Exercise aim: A faithful repeat of all the records, with no image kept, is the required answer.

━━━ Records for this exercise

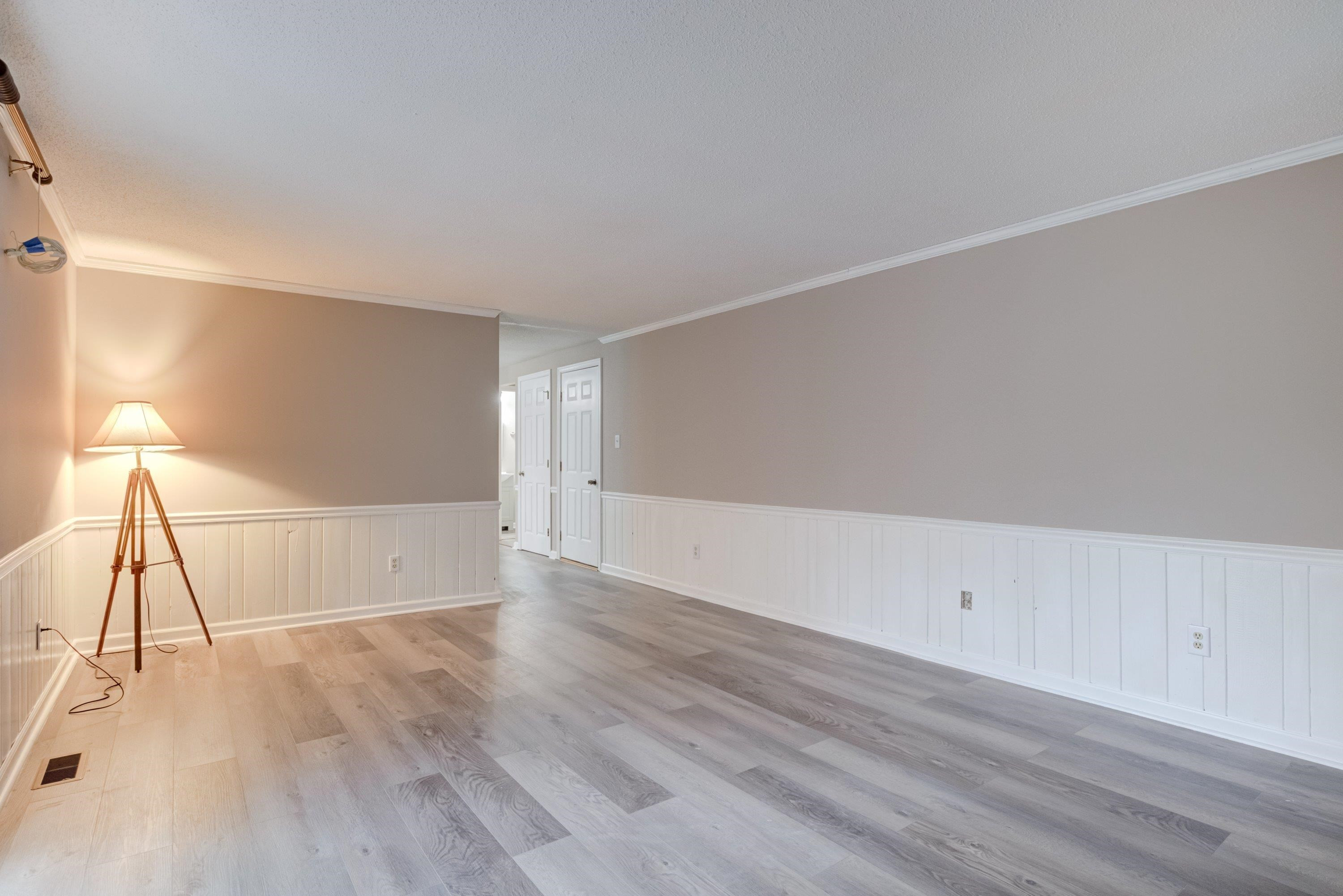 1012 Ironstone Court Raleigh, NC 27615 - Photo 16 of 41 Family Room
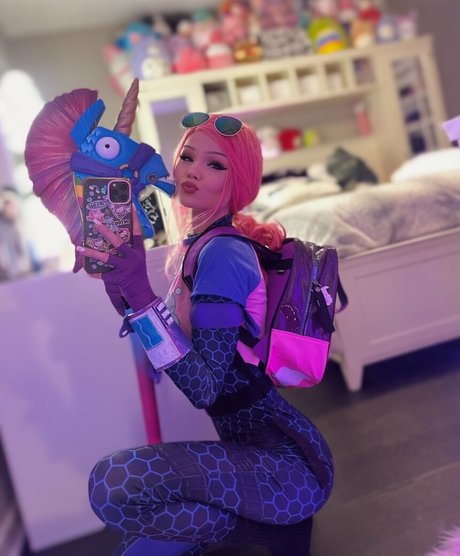 Kylee Carter freie nackt galerien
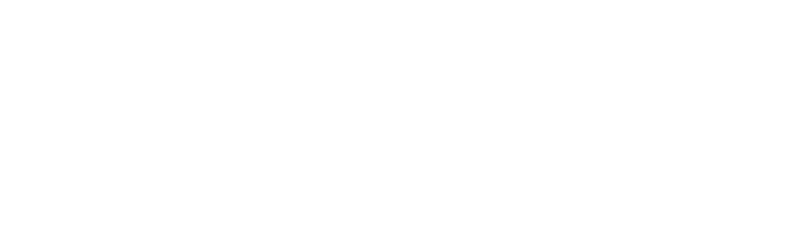 habi Logo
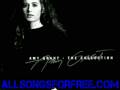 amy grant - I'm Gonna Fly - The Collection
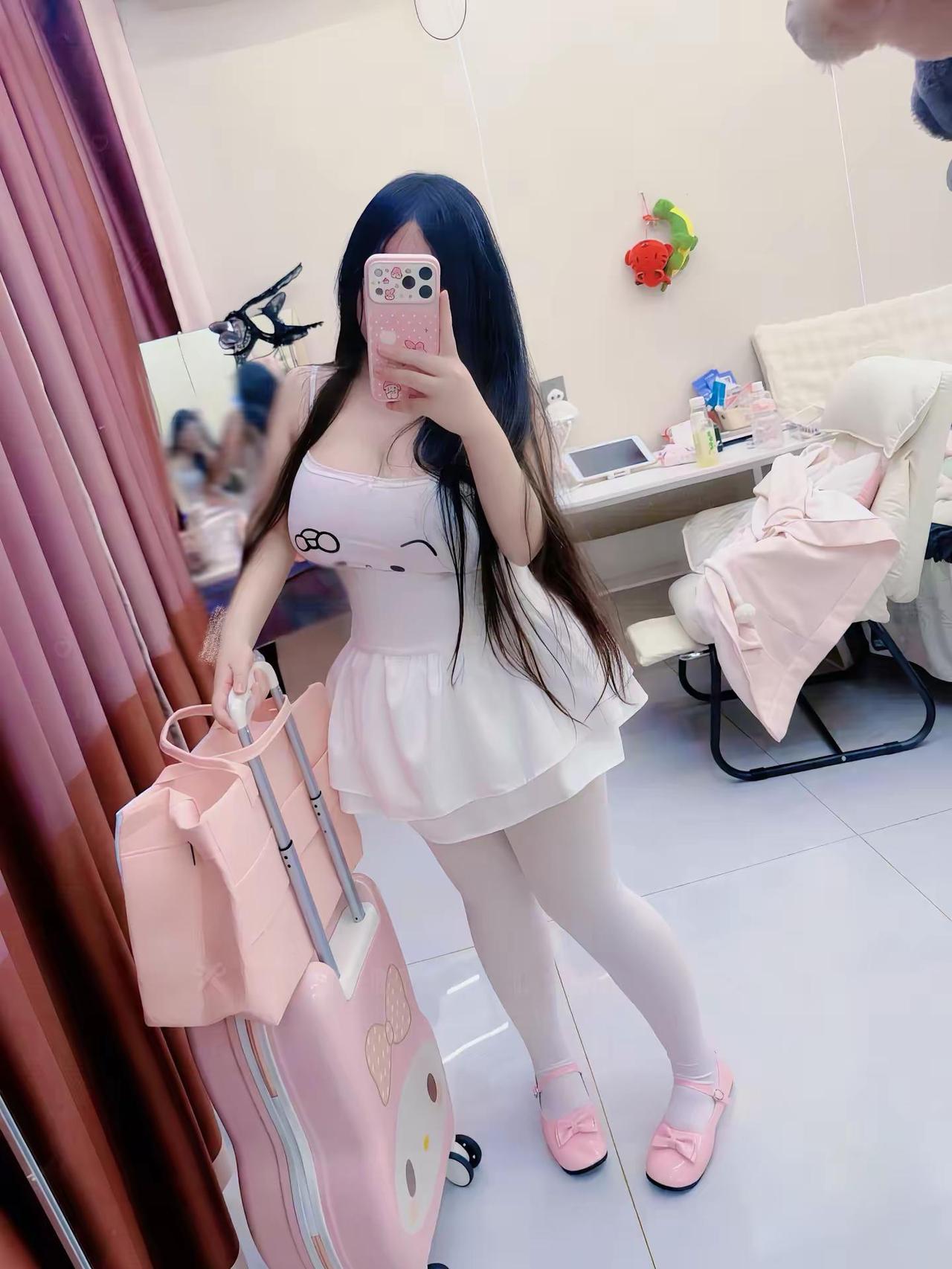 你的心怎么比数学题还难解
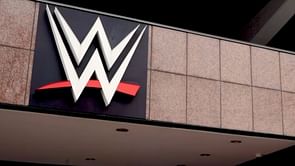 Another WWE heel is willing to turn babyface for one night only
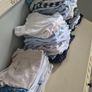 Baby boy clothes Image 2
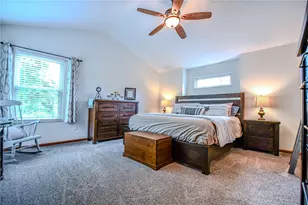 2435 Dutch Mill Dr, Fairborn, OH 45324 - Photo 20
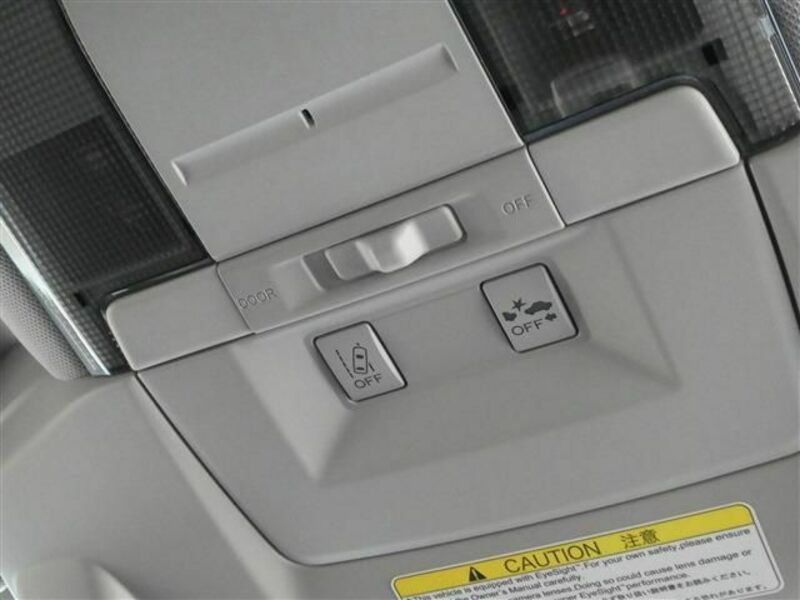 LEGACY B4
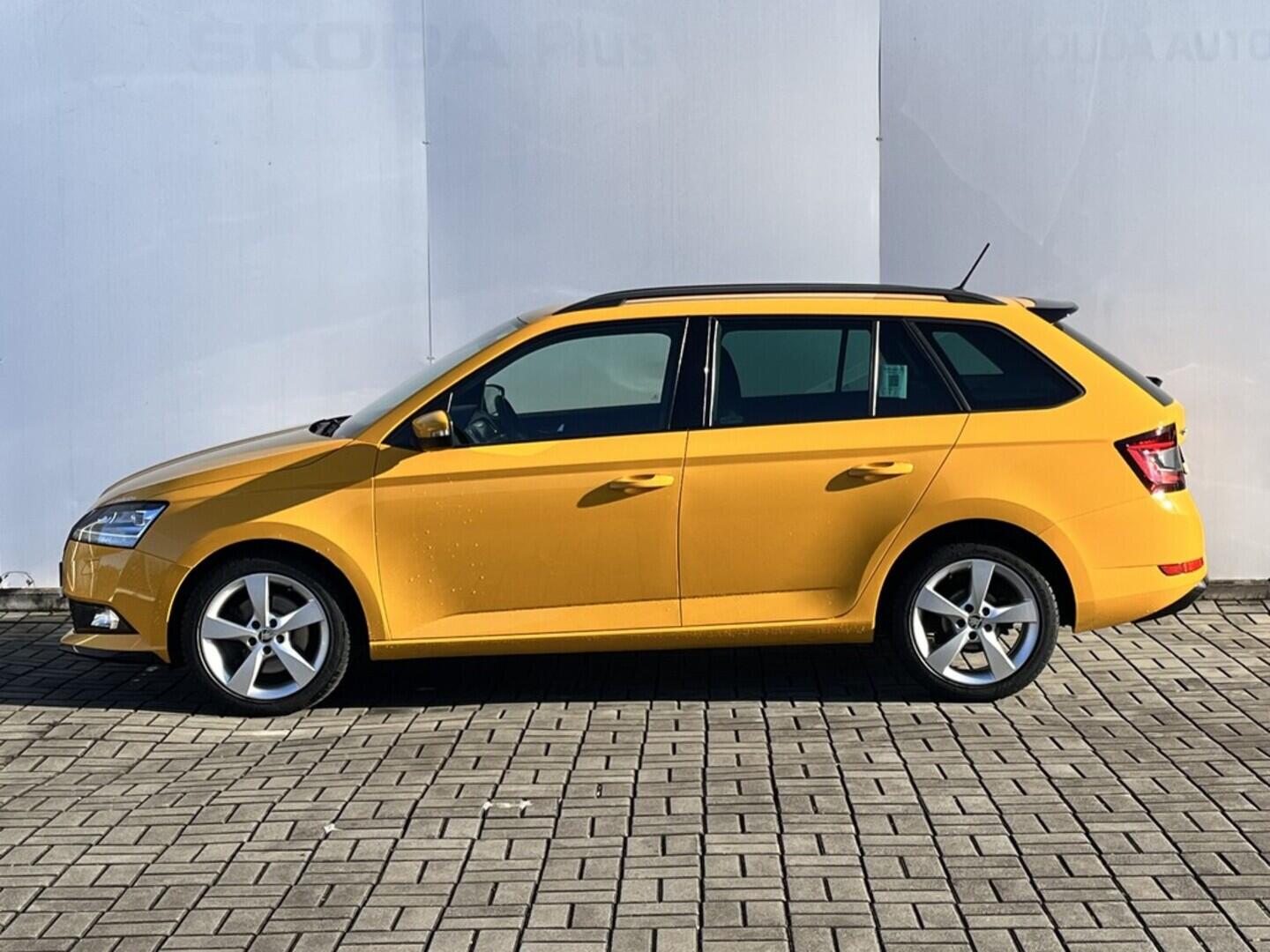 O119V07088_12.webp_FABIA Style 1.0 TSI 81 kW automat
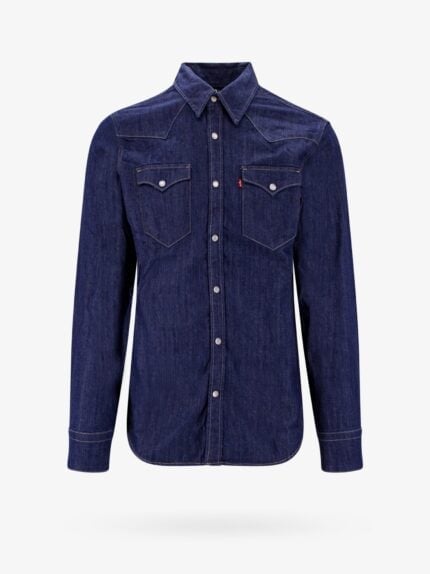 LEVI'S SHIRT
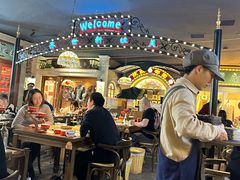 -哥老官重庆美蛙鱼头(日月光店)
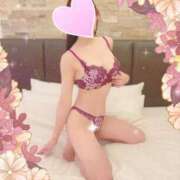 ヒメ日記 2025/01/05 19:17 投稿 小嶋　美玲 東京ローズマリー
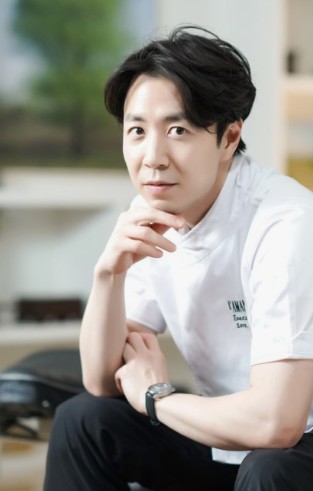 냉장고를 부탁해 손종원 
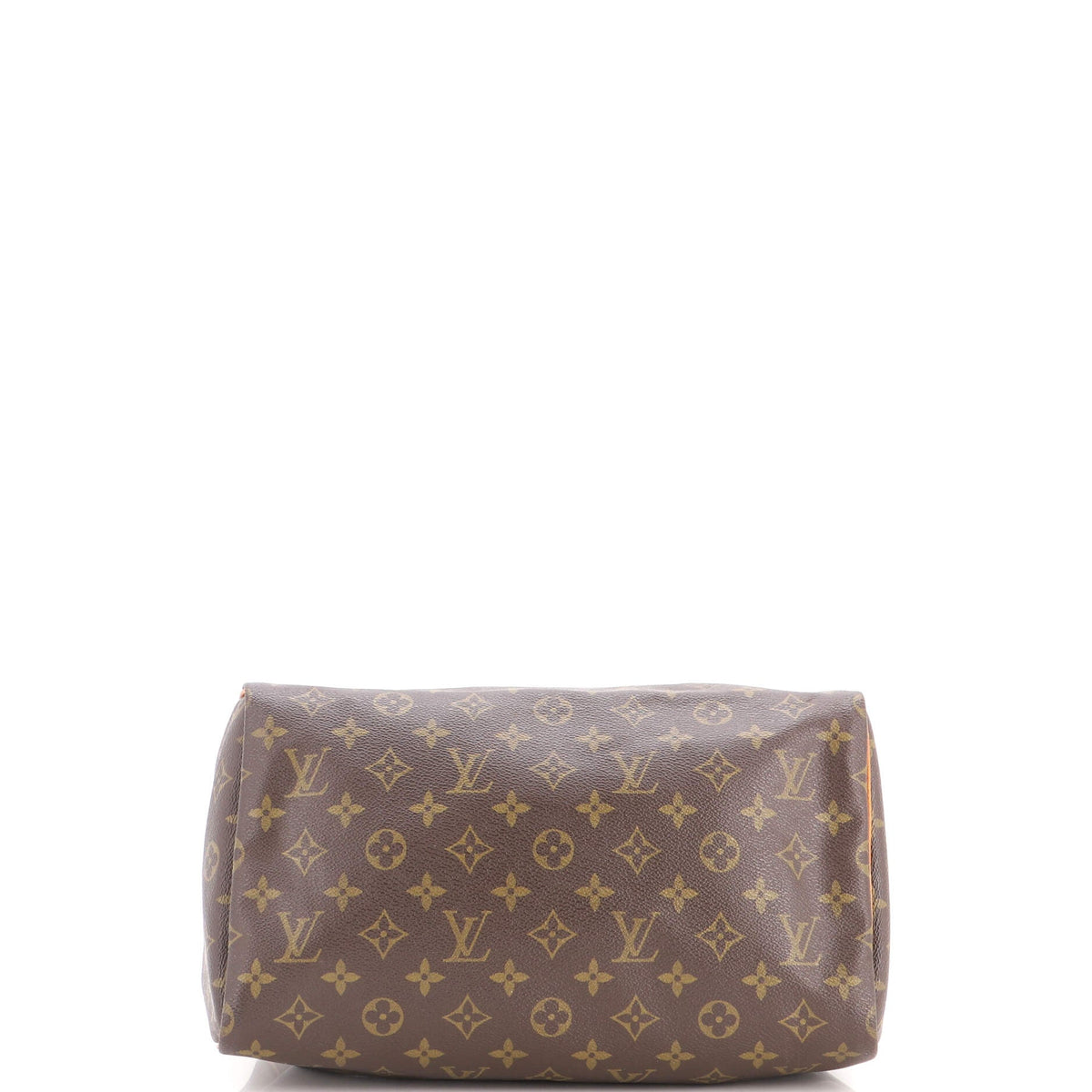 Speedy Handbag Monogram Canvas 30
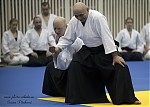 2014_pankova-aikido-01079.jpg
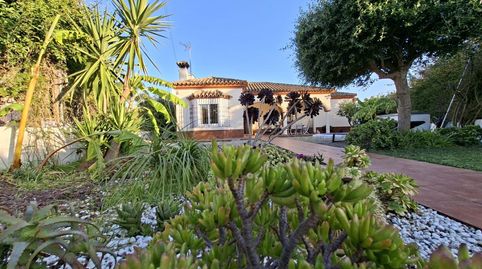 Photo 3 of Houses for sale in Los Gallos, Chiclana de la Frontera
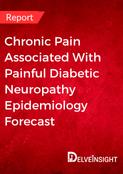 chronic-pain-associated-with-painful-diabetic-neuropathy-epidemiology-forecast-report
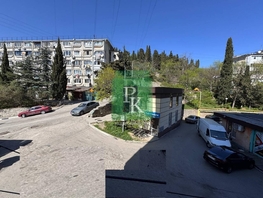 Продается 2-комнатная квартира Халтурина ул, 63.5  м&sup2;, 10600000 рублей
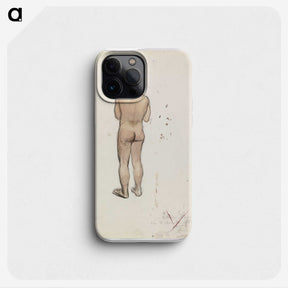 1-50_Magnus-Enckell_phone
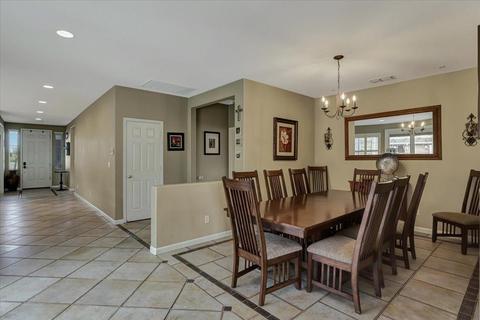 7920 Zilli Dr, Tracy, CA 95304 photo 17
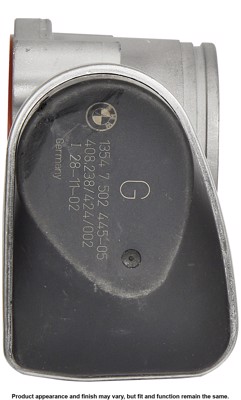 67-5017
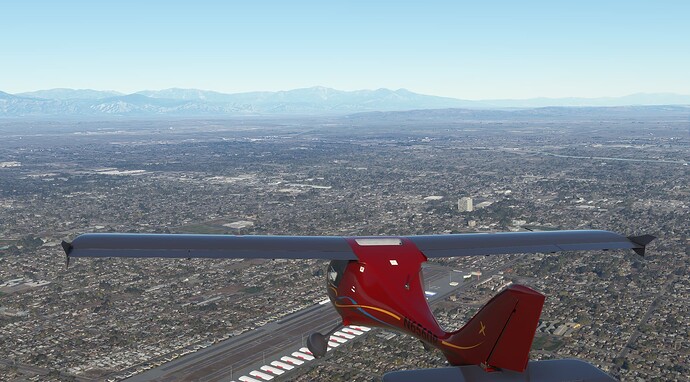 2023-11-28 16_33_07-Microsoft Flight Simulator - 1.34.16.0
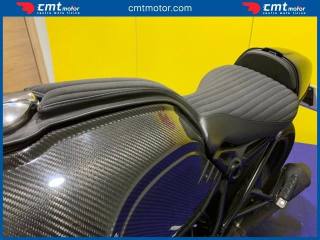 BMW R Nine T usata 8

━━━━━━

Response to the exercise:
 1012 Ironstone Court Raleigh, NC 27615 - Photo 16 of 41 Family Room
 Kylee Carter freie nackt galerien
 habi Logo
 amy grant - I'm Gonna Fly - The Collection
 你的心怎么比数学题还难解
 Another WWE heel is willing to turn babyface for one night only
 Baby boy clothes Image 2
 2435 Dutch Mill Dr, Fairborn, OH 45324 - Photo 20
 LEGACY B4
 O119V07088_12.webp_FABIA Style 1.0 TSI 81 kW automat
 LEVI'S SHIRT
 -哥老官重庆美蛙鱼头(日月光店)
 ヒメ日記 2025/01/05 19:17 投稿 小嶋　美玲 東京ローズマリー
 냉장고를 부탁해 손종원 
 Speedy Handbag Monogram Canvas 30
 2014_pankova-aikido-01079.jpg
 Photo 3 of Houses for sale in Los Gallos, Chiclana de la Frontera
 chronic-pain-associated-with-painful-diabetic-neuropathy-epidemiology-forecast-report
 Продается 2-комнатная квартира Халтурина ул, 63.5  м&sup2;, 10600000 рублей
 1-50_Magnus-Enckell_phone
 7920 Zilli Dr, Tracy, CA 95304 photo 17
 67-5017
 2023-11-28 16_33_07-Microsoft Flight Simulator - 1.34.16.0
 BMW R Nine T usata 8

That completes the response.